[Source material Boundary: Start]

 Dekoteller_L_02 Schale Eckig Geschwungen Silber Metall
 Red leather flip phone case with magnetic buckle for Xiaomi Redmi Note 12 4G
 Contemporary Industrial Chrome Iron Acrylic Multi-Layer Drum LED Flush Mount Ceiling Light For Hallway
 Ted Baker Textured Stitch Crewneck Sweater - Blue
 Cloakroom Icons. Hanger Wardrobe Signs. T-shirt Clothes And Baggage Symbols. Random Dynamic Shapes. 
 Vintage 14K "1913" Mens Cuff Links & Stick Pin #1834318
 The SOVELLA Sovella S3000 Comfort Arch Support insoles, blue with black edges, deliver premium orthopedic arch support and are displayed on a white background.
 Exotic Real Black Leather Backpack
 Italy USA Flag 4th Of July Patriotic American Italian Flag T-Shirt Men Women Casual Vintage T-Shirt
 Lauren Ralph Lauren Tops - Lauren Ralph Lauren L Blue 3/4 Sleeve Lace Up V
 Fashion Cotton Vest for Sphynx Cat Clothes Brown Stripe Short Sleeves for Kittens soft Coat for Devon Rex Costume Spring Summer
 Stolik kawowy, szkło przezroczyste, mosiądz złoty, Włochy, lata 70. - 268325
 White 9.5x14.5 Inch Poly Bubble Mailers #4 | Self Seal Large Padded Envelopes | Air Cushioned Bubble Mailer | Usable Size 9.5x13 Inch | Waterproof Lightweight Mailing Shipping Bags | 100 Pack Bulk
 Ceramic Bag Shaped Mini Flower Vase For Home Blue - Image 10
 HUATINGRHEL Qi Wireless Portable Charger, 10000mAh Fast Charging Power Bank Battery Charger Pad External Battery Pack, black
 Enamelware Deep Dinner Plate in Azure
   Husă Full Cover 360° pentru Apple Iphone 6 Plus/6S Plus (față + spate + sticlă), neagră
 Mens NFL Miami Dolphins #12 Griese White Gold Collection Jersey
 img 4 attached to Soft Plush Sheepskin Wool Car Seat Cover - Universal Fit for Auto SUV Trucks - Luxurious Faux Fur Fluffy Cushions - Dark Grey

[Source material Boundary: End]

• **Description of the task**
For this task, please set down every entry exactly, with no line left out.

• **Response to this exercise**
 Dekoteller_L_02 Schale Eckig Geschwungen Silber Metall
 Red leather flip phone case with magnetic buckle for Xiaomi Redmi Note 12 4G
 Contemporary Industrial Chrome Iron Acrylic Multi-Layer Drum LED Flush Mount Ceiling Light For Hallway
 Ted Baker Textured Stitch Crewneck Sweater - Blue
 Cloakroom Icons. Hanger Wardrobe Signs. T-shirt Clothes And Baggage Symbols. Random Dynamic Shapes. 
 Vintage 14K "1913" Mens Cuff Links & Stick Pin #1834318
 The SOVELLA Sovella S3000 Comfort Arch Support insoles, blue with black edges, deliver premium orthopedic arch support and are displayed on a white background.
 Exotic Real Black Leather Backpack
 Italy USA Flag 4th Of July Patriotic American Italian Flag T-Shirt Men Women Casual Vintage T-Shirt
 Lauren Ralph Lauren Tops - Lauren Ralph Lauren L Blue 3/4 Sleeve Lace Up V
 Fashion Cotton Vest for Sphynx Cat Clothes Brown Stripe Short Sleeves for Kittens soft Coat for Devon Rex Costume Spring Summer
 Stolik kawowy, szkło przezroczyste, mosiądz złoty, Włochy, lata 70. - 268325
 White 9.5x14.5 Inch Poly Bubble Mailers #4 | Self Seal Large Padded Envelopes | Air Cushioned Bubble Mailer | Usable Size 9.5x13 Inch | Waterproof Lightweight Mailing Shipping Bags | 100 Pack Bulk
 Ceramic Bag Shaped Mini Flower Vase For Home Blue - Image 10
 HUATINGRHEL Qi Wireless Portable Charger, 10000mAh Fast Charging Power Bank Battery Charger Pad External Battery Pack, black
 Enamelware Deep Dinner Plate in Azure
   Husă Full Cover 360° pentru Apple Iphone 6 Plus/6S Plus (față + spate + sticlă), neagră
 Mens NFL Miami Dolphins #12 Griese White Gold Collection Jersey
 img 4 attached to Soft Plush Sheepskin Wool Car Seat Cover - Universal Fit for Auto SUV Trucks - Luxurious Faux Fur Fluffy Cushions - Dark Grey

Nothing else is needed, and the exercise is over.